The original Transformer uses separate parameters for each layer. Implement a variant where all encoder layers share the same parameters (and similarly for decoder layers). This is the approach used in ALBERT. Compare the parameter count and performance.

Exercise 33: Relative Positional Encoding

Implement a simple form of relative positional encoding by adding a learnable bias to the attention scores based on the relative distance between query and key positions. Compare with sinusoidal absolute positional encoding on the toy task.

Exercise 34: KV Cache for Efficient Inference

Implement key-value caching for the decoder during inference. Instead of recomputing attention over all previous tokens at each step, cache the key and value projections and only compute the new token's attention. Measure the speedup compared to naive decoding.

Exercise 35: Mixed-Precision Training

Implement mixed-precision training for the Transformer using torch.cuda.amp. Compare training speed and memory usage with full-precision training. Verify that the final model quality is comparable.

Exercise 36: Subword Tokenization

Replace the character-level tokenization in the toy task with byte pair encoding (BPE). Implement a simple BPE tokenizer from scratch, train it on a corpus, and use it with the Transformer. Compare vocabulary sizes and sequence lengths.

Exercise 37: Attention Dropout Analysis

The original Transformer applies dropout to attention weights. Train models with attention dropout rates of 0.0, 0.1, 0.2, and 0.3. Plot training and validation loss curves. At what point does attention dropout hurt training more than it helps generalization?

Exercise 38: Layer-by-Layer Probing

Train a Transformer on the reversal task. Then, for each layer $l$, add a linear probe that predicts the correct output directly from the intermediate representation at layer $l$. Plot probe accuracy vs. layer number. At which layer does the model "solve" the task?

Exercise 39: Scaling Experiment

Train Transformers of different sizes (varying $d_{\text{model}}$ from 32 to 512 and $N$ from 1 to 8) on the reversal task with a fixed dataset size. Plot final loss vs. parameter count on a log-log scale. Do you observe the power-law scaling behavior predicted by scaling laws?

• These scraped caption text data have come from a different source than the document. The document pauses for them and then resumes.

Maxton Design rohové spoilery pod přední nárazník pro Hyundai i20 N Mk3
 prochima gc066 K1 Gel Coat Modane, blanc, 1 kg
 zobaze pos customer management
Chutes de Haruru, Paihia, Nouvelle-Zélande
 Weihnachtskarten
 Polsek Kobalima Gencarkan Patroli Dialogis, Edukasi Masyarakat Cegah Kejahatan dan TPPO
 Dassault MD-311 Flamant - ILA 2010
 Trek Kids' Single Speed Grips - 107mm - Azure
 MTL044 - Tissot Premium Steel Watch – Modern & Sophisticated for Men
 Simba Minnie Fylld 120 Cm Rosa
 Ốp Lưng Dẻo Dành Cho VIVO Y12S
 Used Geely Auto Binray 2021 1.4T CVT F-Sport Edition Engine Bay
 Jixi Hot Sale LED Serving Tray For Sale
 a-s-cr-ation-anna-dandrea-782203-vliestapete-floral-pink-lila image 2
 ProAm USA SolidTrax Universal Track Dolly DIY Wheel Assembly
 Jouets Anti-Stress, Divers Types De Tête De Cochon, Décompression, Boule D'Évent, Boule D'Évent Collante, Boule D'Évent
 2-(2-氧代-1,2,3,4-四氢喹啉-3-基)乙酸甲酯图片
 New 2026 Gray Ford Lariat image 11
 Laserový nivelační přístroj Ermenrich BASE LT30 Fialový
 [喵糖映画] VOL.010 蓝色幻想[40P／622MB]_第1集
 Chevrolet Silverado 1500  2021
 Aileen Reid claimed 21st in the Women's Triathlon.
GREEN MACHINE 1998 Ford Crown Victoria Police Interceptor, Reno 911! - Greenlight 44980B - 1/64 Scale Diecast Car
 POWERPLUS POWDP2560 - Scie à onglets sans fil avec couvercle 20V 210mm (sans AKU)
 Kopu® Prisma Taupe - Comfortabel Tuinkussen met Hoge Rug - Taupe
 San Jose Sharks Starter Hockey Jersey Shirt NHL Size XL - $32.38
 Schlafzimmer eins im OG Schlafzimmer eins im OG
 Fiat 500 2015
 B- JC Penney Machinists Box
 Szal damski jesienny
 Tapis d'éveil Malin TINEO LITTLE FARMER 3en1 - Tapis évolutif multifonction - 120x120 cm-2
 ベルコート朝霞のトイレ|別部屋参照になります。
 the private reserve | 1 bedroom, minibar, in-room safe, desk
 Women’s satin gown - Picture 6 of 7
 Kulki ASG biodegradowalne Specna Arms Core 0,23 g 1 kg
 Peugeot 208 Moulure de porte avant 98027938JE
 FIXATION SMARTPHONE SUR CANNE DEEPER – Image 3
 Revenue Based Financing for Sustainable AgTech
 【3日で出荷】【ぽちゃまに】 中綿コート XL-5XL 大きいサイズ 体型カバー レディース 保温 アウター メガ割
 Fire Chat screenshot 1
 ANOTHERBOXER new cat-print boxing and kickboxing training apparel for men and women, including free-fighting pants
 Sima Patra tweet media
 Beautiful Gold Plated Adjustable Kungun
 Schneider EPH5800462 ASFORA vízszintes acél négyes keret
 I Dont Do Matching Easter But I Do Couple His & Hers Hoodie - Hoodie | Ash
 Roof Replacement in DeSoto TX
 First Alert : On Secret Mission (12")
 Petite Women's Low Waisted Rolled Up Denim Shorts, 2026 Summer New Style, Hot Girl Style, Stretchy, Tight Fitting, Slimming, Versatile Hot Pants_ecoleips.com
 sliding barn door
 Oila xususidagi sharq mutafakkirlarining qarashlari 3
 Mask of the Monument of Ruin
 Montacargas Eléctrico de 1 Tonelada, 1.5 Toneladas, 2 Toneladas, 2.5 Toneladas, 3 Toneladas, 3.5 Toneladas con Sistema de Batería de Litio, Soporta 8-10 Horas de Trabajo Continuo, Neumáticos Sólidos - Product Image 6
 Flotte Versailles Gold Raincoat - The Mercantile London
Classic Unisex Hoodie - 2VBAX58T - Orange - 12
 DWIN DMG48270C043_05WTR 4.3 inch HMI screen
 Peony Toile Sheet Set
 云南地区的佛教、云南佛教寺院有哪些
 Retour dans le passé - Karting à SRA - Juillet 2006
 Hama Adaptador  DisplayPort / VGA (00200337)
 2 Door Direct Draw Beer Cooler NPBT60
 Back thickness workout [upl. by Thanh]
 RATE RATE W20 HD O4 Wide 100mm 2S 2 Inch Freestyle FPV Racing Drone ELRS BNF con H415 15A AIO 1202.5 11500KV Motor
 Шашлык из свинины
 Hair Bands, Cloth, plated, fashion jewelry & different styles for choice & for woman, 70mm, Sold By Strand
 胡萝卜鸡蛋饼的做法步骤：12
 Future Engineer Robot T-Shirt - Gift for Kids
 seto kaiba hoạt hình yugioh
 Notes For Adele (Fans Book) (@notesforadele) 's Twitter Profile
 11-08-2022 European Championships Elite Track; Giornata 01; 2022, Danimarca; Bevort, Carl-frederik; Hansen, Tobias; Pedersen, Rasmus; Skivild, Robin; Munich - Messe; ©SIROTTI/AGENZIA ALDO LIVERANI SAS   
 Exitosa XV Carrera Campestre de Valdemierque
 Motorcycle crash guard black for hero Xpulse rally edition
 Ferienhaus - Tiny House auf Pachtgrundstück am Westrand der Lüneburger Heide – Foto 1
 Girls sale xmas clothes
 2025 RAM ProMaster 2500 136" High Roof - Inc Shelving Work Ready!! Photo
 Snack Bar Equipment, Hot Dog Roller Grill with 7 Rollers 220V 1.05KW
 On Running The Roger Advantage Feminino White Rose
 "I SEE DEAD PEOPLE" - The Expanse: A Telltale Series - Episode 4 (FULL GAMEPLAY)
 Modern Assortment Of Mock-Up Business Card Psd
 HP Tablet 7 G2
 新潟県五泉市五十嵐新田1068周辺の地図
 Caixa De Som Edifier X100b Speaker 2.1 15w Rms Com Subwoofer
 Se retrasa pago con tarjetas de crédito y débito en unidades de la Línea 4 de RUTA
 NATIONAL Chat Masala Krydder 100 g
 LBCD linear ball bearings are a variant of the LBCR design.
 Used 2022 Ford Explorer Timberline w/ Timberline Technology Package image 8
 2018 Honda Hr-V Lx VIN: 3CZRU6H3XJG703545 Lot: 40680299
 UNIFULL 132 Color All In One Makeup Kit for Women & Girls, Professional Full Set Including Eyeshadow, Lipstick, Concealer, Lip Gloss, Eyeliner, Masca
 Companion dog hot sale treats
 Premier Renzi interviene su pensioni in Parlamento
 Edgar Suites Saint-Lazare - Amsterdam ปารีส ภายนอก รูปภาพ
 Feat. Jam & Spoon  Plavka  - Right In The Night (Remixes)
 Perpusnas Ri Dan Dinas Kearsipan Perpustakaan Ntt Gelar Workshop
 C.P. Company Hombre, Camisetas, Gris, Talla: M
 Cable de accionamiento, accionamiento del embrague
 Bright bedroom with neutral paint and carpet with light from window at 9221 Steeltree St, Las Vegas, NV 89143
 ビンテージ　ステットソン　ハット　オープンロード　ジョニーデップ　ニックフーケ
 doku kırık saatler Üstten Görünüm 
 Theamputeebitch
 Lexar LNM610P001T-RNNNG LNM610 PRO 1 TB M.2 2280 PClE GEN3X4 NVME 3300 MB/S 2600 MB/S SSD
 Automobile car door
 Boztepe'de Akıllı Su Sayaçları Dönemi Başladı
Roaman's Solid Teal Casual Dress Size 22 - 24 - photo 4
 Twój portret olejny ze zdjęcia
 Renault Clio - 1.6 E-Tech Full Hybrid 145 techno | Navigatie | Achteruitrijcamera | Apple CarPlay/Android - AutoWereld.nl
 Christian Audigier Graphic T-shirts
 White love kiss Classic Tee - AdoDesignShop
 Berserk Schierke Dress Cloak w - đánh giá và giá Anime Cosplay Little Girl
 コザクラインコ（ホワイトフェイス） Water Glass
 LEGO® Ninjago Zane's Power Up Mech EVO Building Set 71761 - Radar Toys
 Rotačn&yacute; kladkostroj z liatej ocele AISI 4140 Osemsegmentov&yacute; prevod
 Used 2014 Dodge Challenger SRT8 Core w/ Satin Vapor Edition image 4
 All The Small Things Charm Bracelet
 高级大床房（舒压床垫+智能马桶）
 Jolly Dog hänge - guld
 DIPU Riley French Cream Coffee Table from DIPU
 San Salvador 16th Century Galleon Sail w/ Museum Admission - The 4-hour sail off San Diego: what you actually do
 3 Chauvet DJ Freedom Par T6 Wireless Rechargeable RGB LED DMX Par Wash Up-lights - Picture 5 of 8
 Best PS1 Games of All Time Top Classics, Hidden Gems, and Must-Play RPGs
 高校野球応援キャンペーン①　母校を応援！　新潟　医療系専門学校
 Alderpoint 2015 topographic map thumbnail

Exercise 40: Transformer Debugging Challenge

You are given a Transformer implementation with three deliberate bugs: 1. Missing scaling by $\sqrt{d_k}$ in attention 2. Positional encoding applied after the first layer instead of before 3. Causal mask applied to the encoder instead of the decoder

For each bug, explain what symptoms you would observe during training and how you would diagnose the problem. Then fix the bugs and verify the model trains correctly.